Name: Debbie Wosskow OBE
Business: Co-founder and CEO of Love Home Swap, an online travel club where homeowners from around the world can exchange their homes.
Why we should know about her: Wosskow is a passionate advocate of the sharing economy and is founding chair of the goverment-backed sharing economy trade body SEUK which she penned a 60,000-word independent report in just 10 weeks for – Unlocking the Sharing Economy. She is also a trustee of Hampstead Theatre. Earlier this month, Wosskow was awarded an OBE for her services to business in the Queen’s Birthday Honours List 2016.
As one of the most prominent female entrepreneurs in the tech space and with rumours of becoming a Tory peer, we’ve brought together five key things you need to know about the sharing economy queen…
1. Entrepreneurship runs in her blood
Originally from Sheffield, Wosskow was born into an entrepreneurial and academic Jewish family where many of her family members ran businesses; her grandparents ran newsagents and off licences while her mother runs her own business. This early environment served as great inspiration and shaped her business future, with Wosskow admitting that she simply never entertained the idea of getting a normal job:
“I’m from a family of entrepreneurs – strong women who have run their own businesses and that’s a big part of the inspiration.

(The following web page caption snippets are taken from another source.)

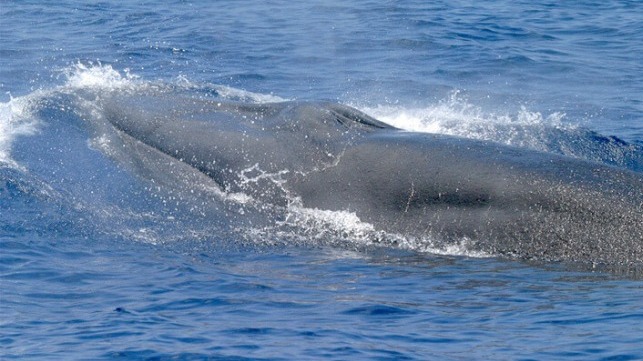 Rice's whale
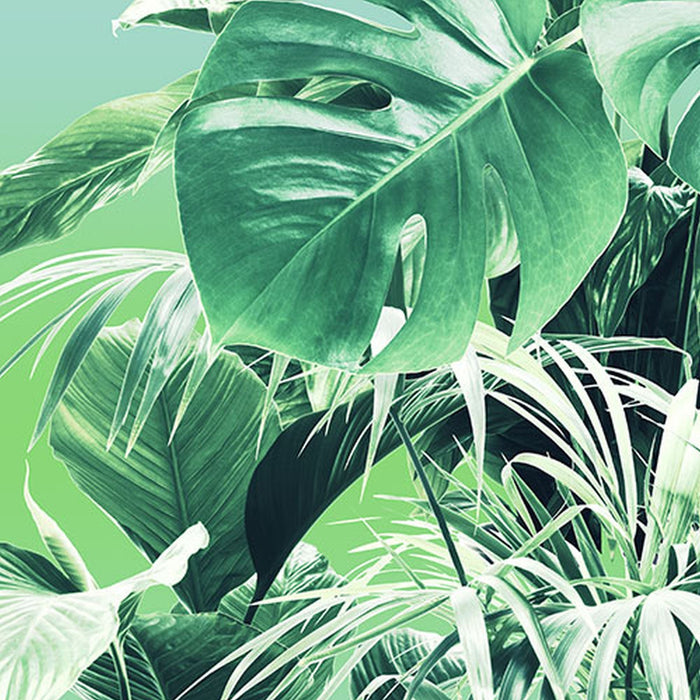 Vlies Fototapete | Evergreen | Größe 200 x 250 cm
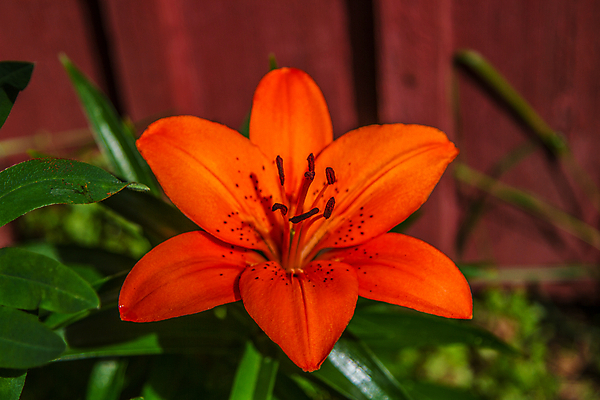 포토 JPG 해외이미지 식물 꽃잎 꽃 잎 자연 사람없음 야외 여름 평화 정원 성장 백합 생물학 향 블러 해외202004 해외포토 계절 교육 컨셉 생태계 파일형식 이미지허브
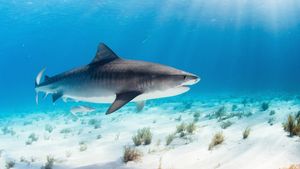 World's Biggest Tiger Shark's poster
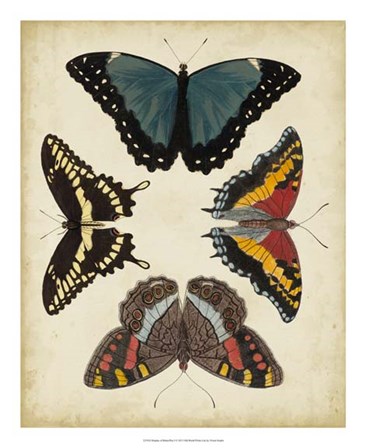 Display of Butterflies I by Vision Studio art print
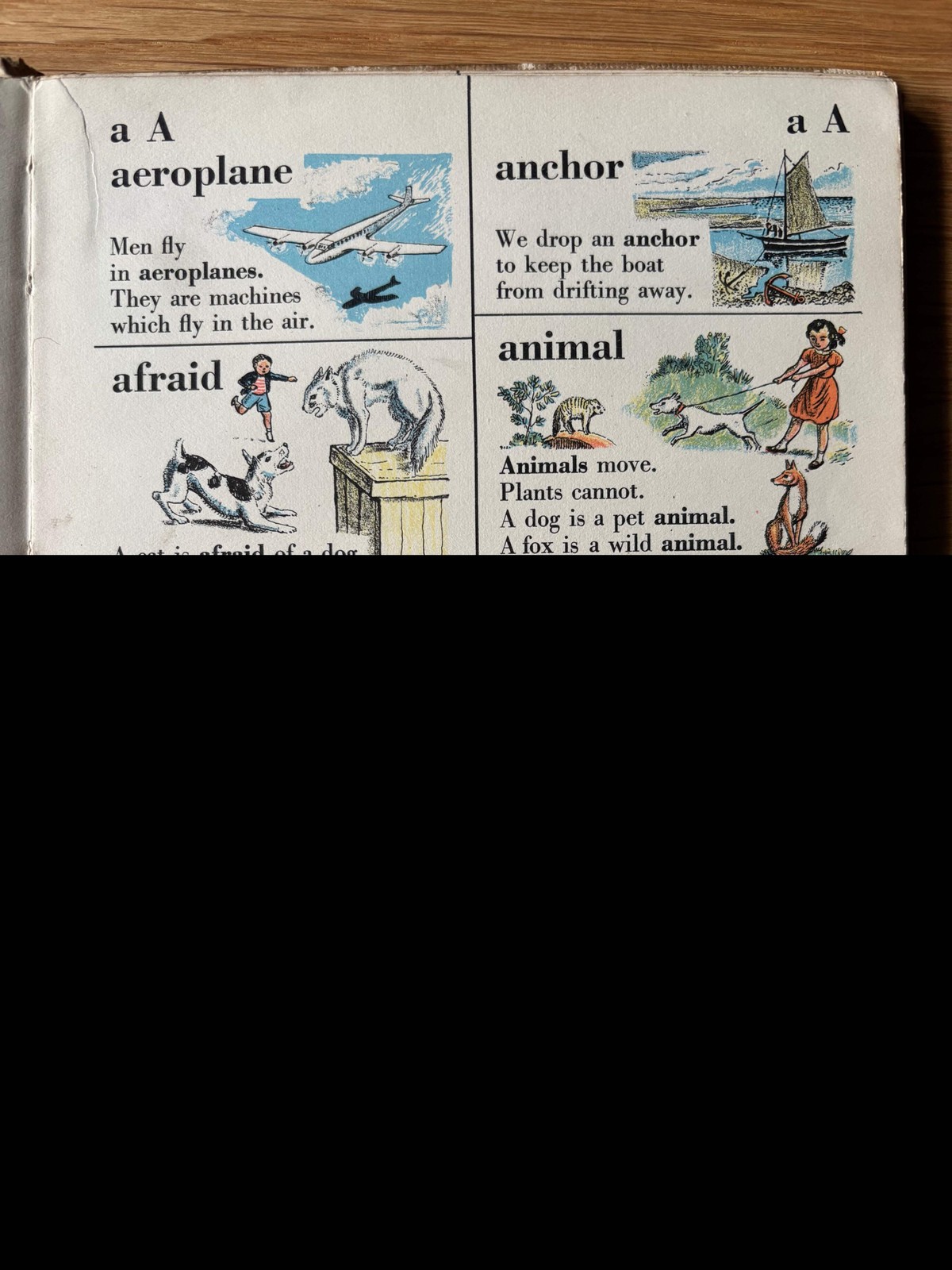 John Buckland-Wright CASSELL’S PICTURE DICTIONARY 1952, 1st Ed Mary Waddington I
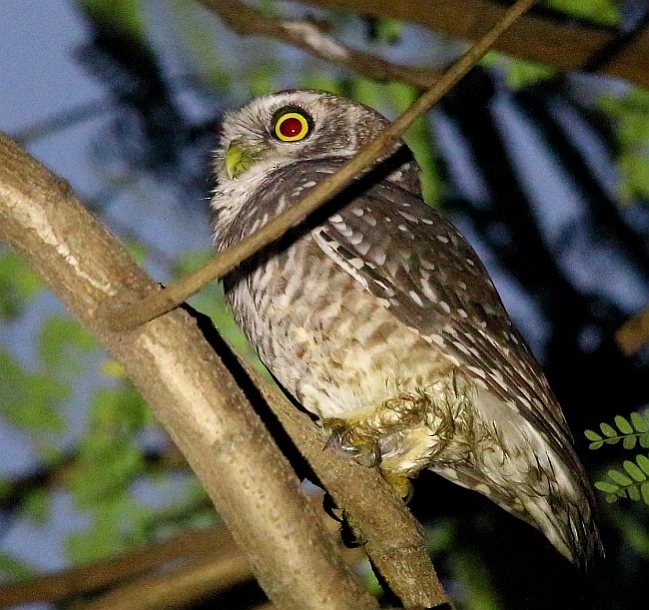 Spotted Owlet - ML379400431
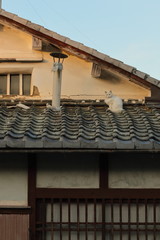 屋根の上にいる野良猫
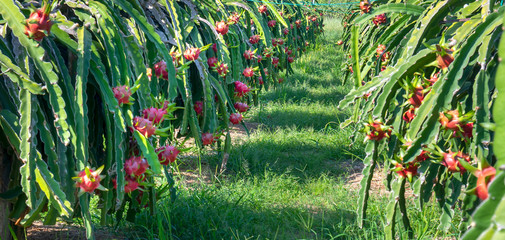 Dragon fruit tree with ripe red fruit on the tree for harvest. This is a cool fruit with many...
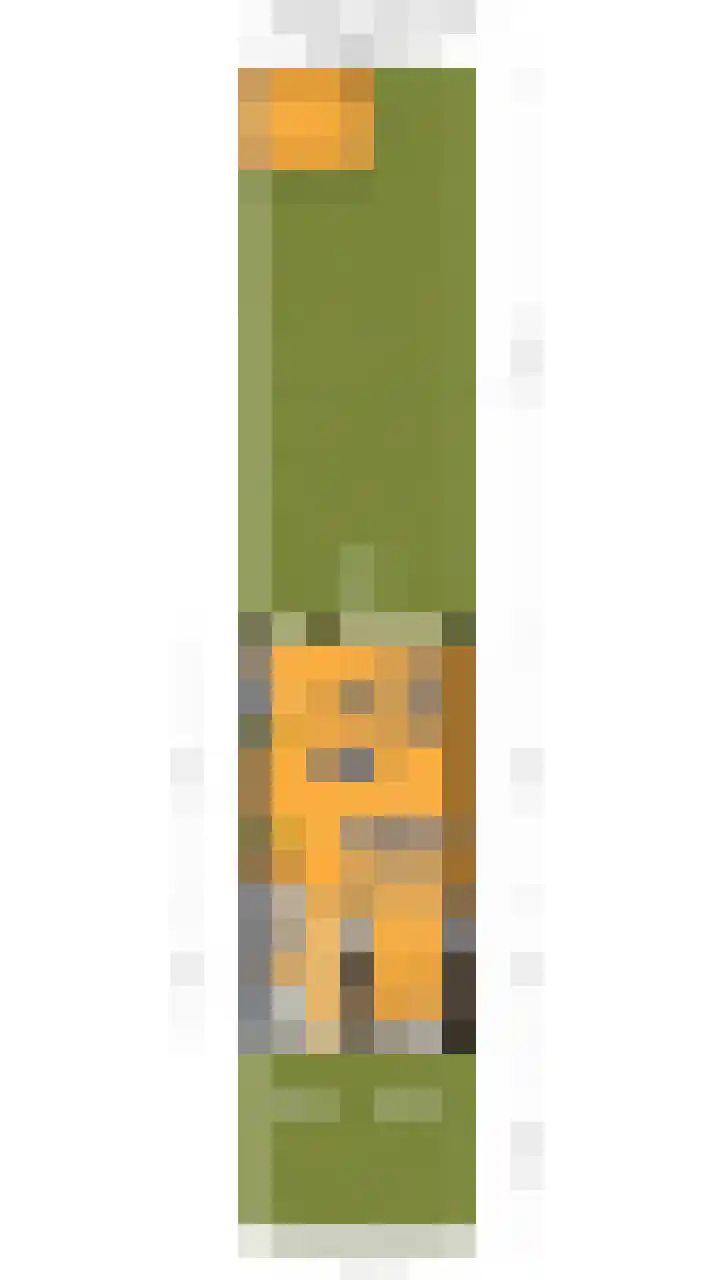 Rossinilaan 5 Nieuw-Vennep thumbnail 38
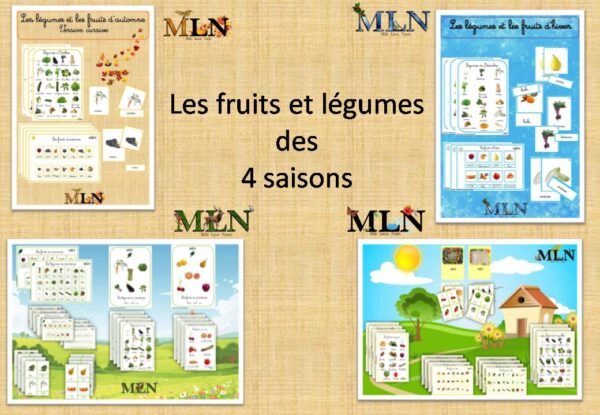 Kit les fruits et les légumes de 4 saisons SCRIPT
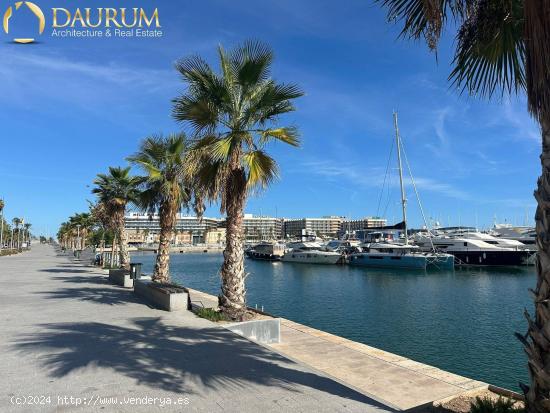  FABULOSA VIVIENDA DE UN DORMITORIO, EN CENTRO DE ALICANTE - ALICANTE 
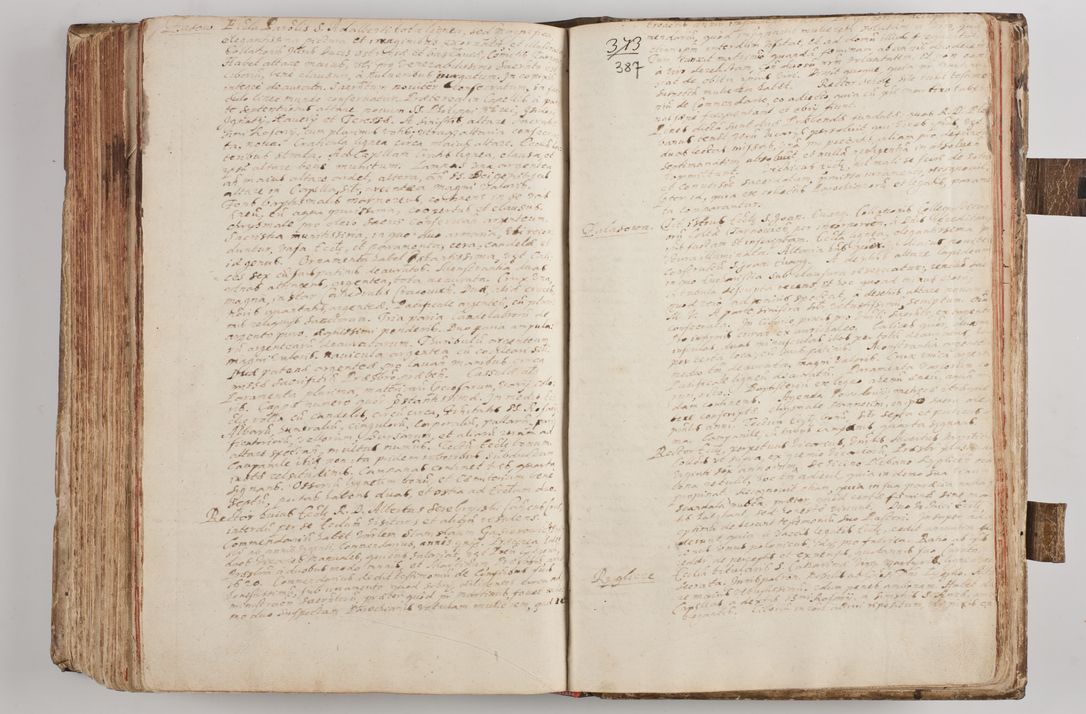 Zdjęcie nr 408 dla obiektu archiwalnego: Acta visitationum Illustrissimi et Reverendissimi Domini D. Jacobi Zadzik Episcopi Cracoviensi, Ducis Severae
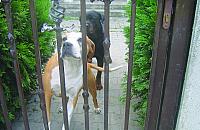 Uśpić wszystkie amstaffy?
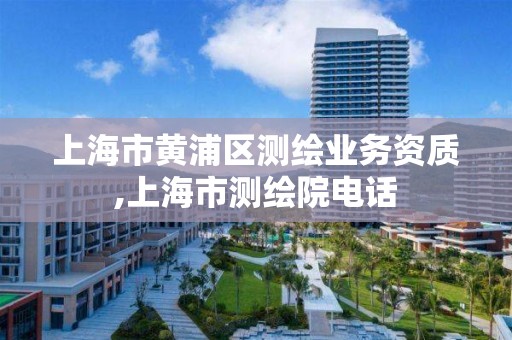 上海市黄浦区测绘业务资质,上海市测绘院电话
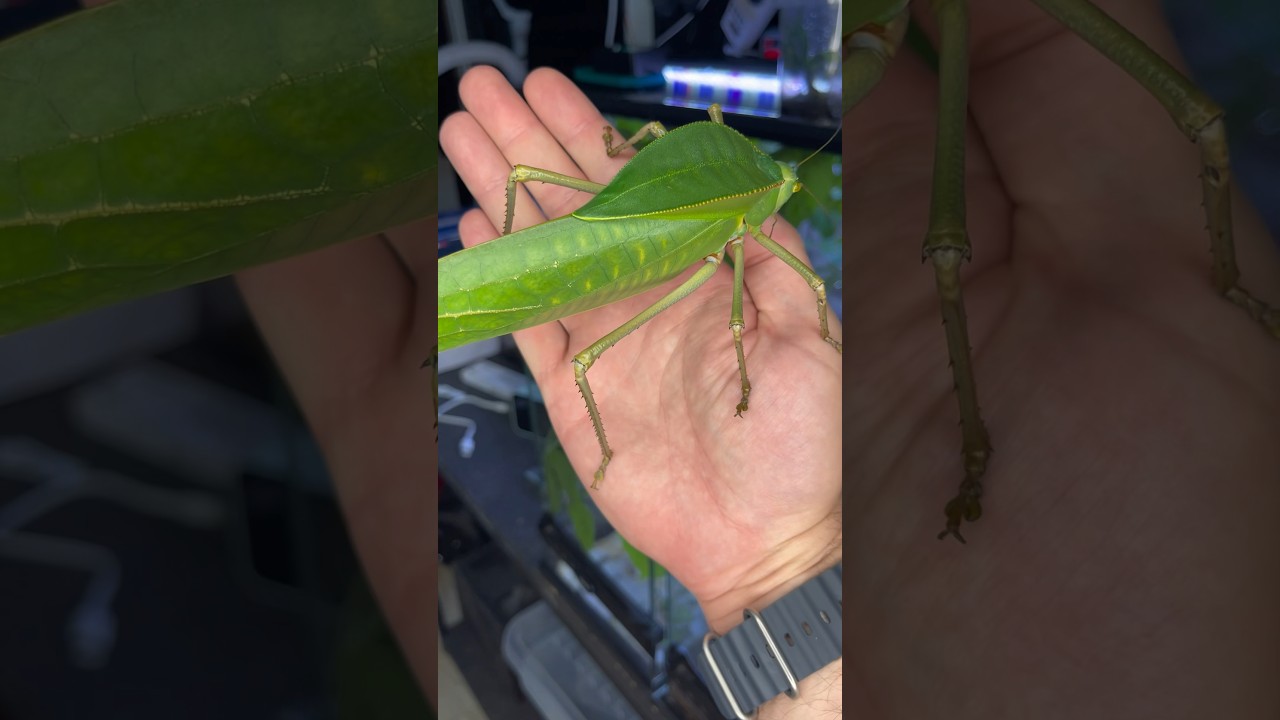 gigantic insects! #giantbug #giantlocust #insect #pokemon #shortswithzita #rock_n_insectes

I think it makes a big difference if you grow up around parents where they’re not going to do jobs and work for someone else. I think if you see them working for themselves it normalises the process of starting your own business and thinking how you’re going to earn your own money and build something, rather than being employed.”
Her family’s business acumen also extends to Wosskow’s brother. When setting up Love Home Swap, she convinced her brother Ben to postpone taking an MBA to join her in making her start-up venture a reality – believing his “steady, calm and analytical” skills would compliment hers. She was right, and the pair still work together to this day!
2. She started her first business aged just 25
After graduating with a degree in philosophy and theology from the University of Oxford, Wosskow founded her first business, PR agency Mantra, way back in 1999 when she was just 25.
Specialising in online communications and marketing for the creative industries, Wosskow scaled the business – which had clients such as The Economist and Financial Times – before selling it to the Loewy group in 2007. Her success as a young entrepreneur also saw her gain recognition in Management Today’s first ever 35 women under 35 feature back in 2000.
Although she remains tight-lipped on the Loewy Group acquisition amount (thought to be over £5m), Wosskow was able to use the money as seed capital when she when had the idea for her next business; which would later become Love Home Swap.
3. Travel and TV served as inspirations for her business idea
It’s often wondered how founders get their ‘lighbulb moment’ and for Wosskow, Love Home Swap was inspired by a chaotic holiday and popular rom-com movie…
After what she refers to a ‘nightmare’ family holiday to St. Lucia, described as “particularly bad and very expensive”, Wosskow found herself in a hotel room with her crying child watching the popular 2006 film The Holiday where Cameron Diaz and Kate Winslet swap their homes. This moment provided Wosskow with the realisation that there was a gap in the market for a service where users had the option to swap and rent properties and save thousands on hotel bills.
Since launching Love Home Swap in 2010 with her brother, Wosskow has seen the site accelerate from just 200 initial members, to feature over 100,000 homes in 160 countries.
(Learn how other business success stories were inspired by travel here).
4. Routine and resilience have been key to her success
Like all great entrepreneurs, Wosskow hasn’t achieved success by lying idle. The founder has revealed that she has an ultra-strict routine; waking up at 5:30am to check business emails, getting to the gym at 6:00am, before getting her children ready for school at 7:00am, and then heading to the office.
It’s this routine, coupled with constant hard work and determination, that Wosskow believes is at the heart of her business success. Rejected by many initial investors, Wosskow was met with some negative criticism at the beginning of her Love Home Swap journey but she says these setbacks spurred her on and in 2011 she secured funding from MMC Ventures.
She told The Guardian: “This stuff is hard; it requires grit to run a business. And staying power matters more than the initial enthusiasm that comes with the idea.
“If I could give out three pieces of advice, they would be: don’t listen to anyone who tells you your idea will never work; develop a thicker skin – things go wrong every single day, not everybody will like the business, get over it and move on; and be prepared to let your idea develop and change.”
5. She has made several investments in female-founded start-ups
Wosskow describes herself as somewhat of a “prolific angel investor” and says that she tries to back female start-ups (though not exclusively). Speaking to BA Business Life earlier this year, she explained that she made three investments in 2015, all in female-founded businesses, and believes she has a mission to implore more women to start and grow businesses:
“The only way I’m going to make a difference is by writing cheques for other women and to talk about how important it is. So much of it [business] is about what you know and what you see and what you read and I feel like we have a 100% responsibility to talk about it – and not just talk but put our money where our mouths are”.
This passion isn’t just limited to women though. It also extends to helping more start-ups in the sharing economy; Wosskow sits on a number of advisory boards including the board for early-stage social delivery start-up Nimber.